■ Task requirements
Make an exact copy, from the records below, of the lines from the line containing "2015; Волгоград, 71-911ЕМ" to the line containing "Dolce & Gabbana", both lines included, excluding pictures.

■ Data excerpts

----------------------------------------

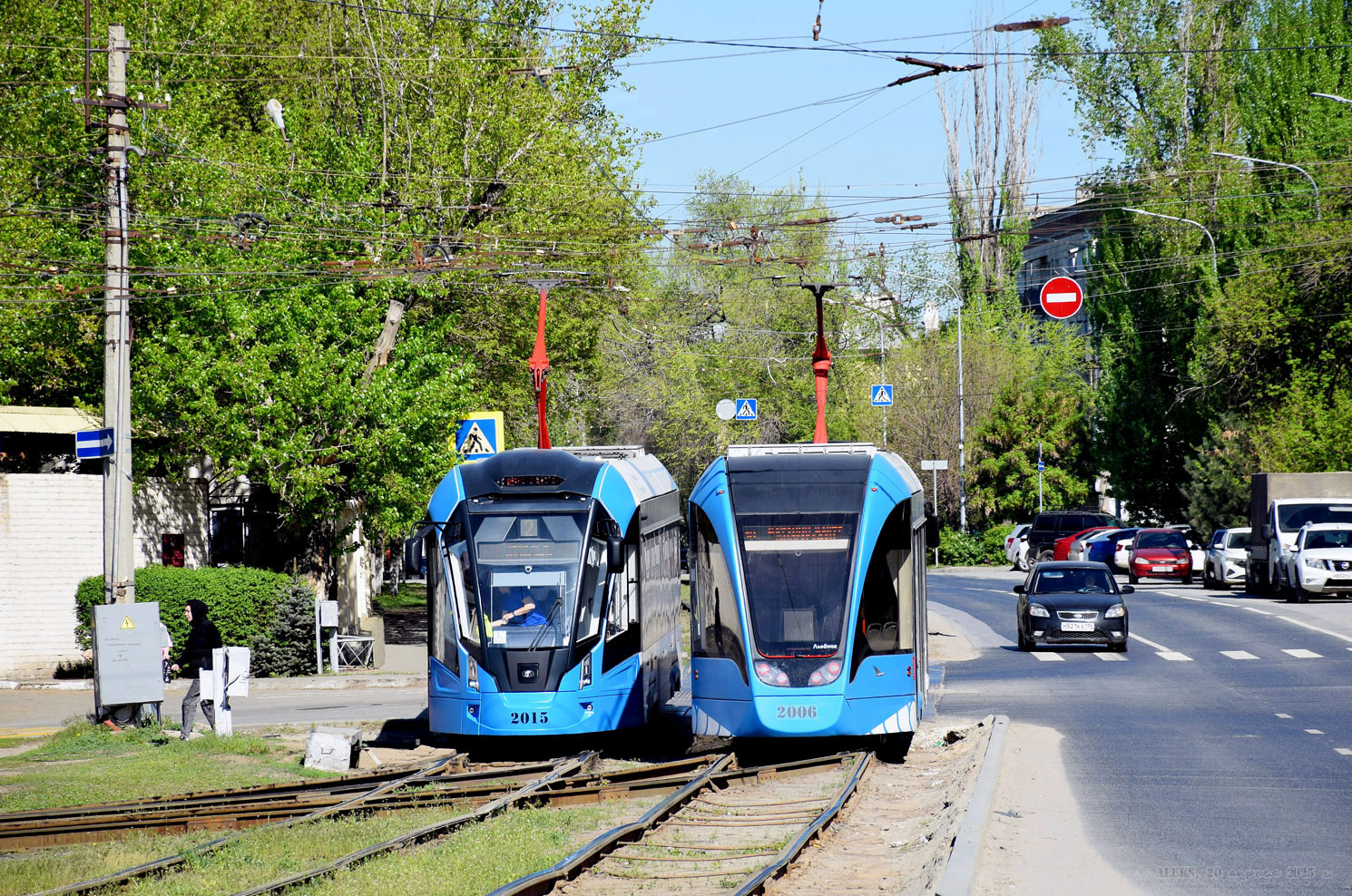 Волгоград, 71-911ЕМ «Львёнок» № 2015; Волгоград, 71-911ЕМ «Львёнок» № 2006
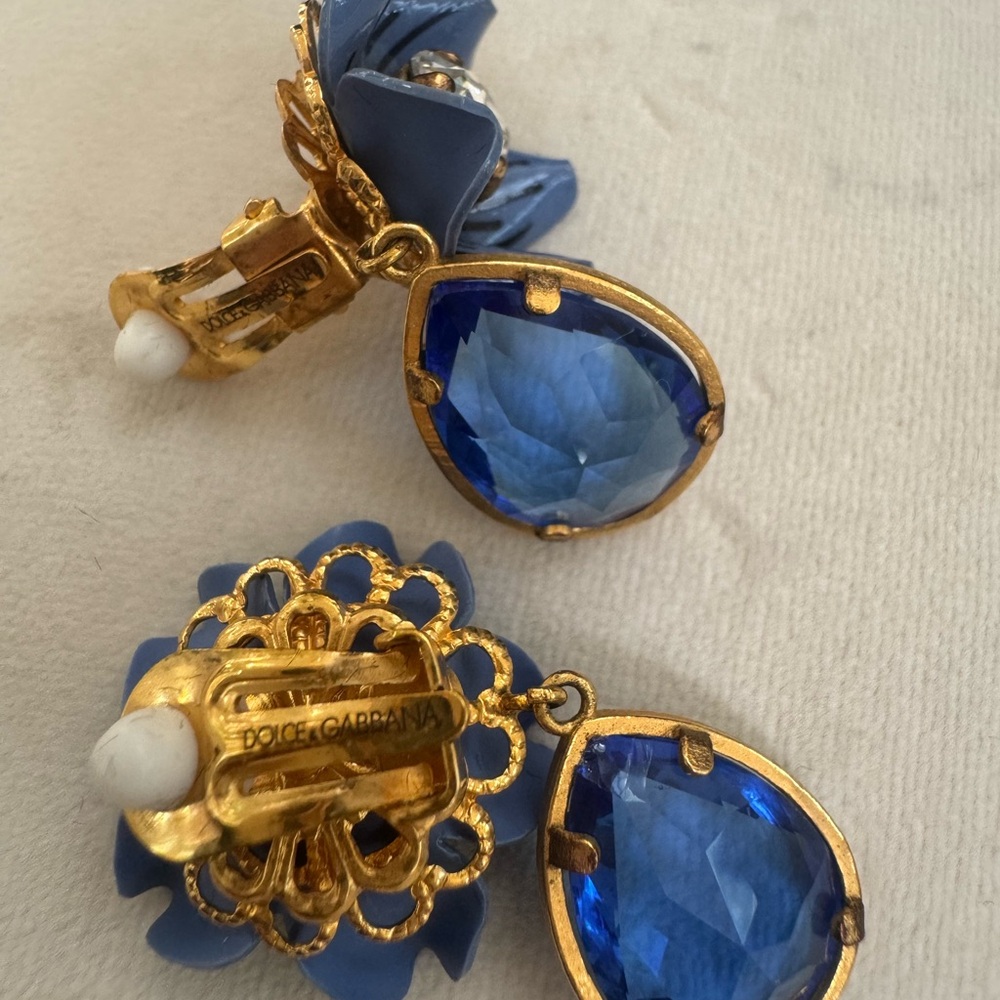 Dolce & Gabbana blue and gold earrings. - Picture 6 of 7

----------------------------------------

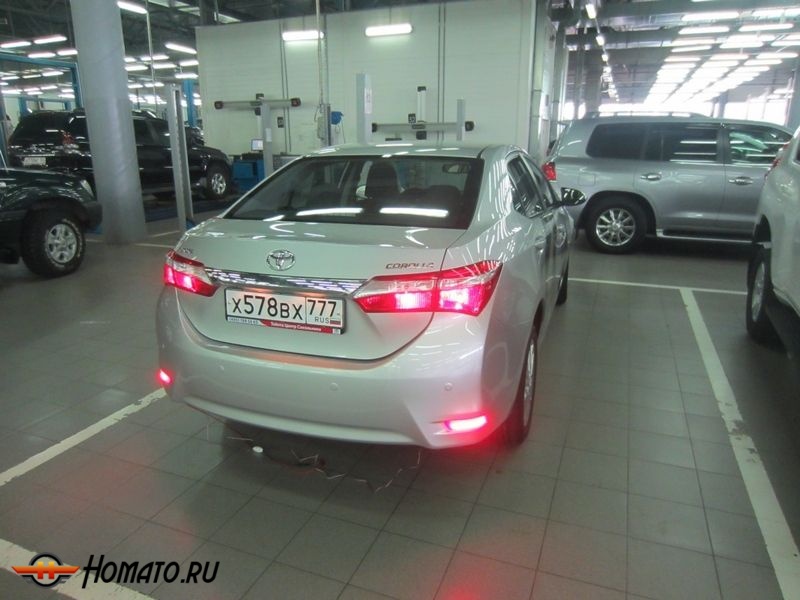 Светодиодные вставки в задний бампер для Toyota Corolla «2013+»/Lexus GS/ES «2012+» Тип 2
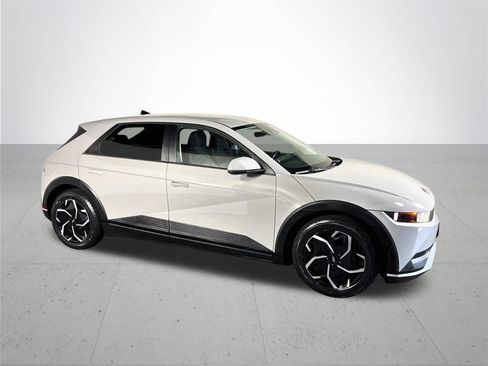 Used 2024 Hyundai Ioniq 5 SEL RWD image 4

----------------------------------------

■ Answer to this exercise
 Волгоград, 71-911ЕМ «Львёнок» № 2015; Волгоград, 71-911ЕМ «Львёнок» № 2006
 Dolce & Gabbana blue and gold earrings. - Picture 6 of 7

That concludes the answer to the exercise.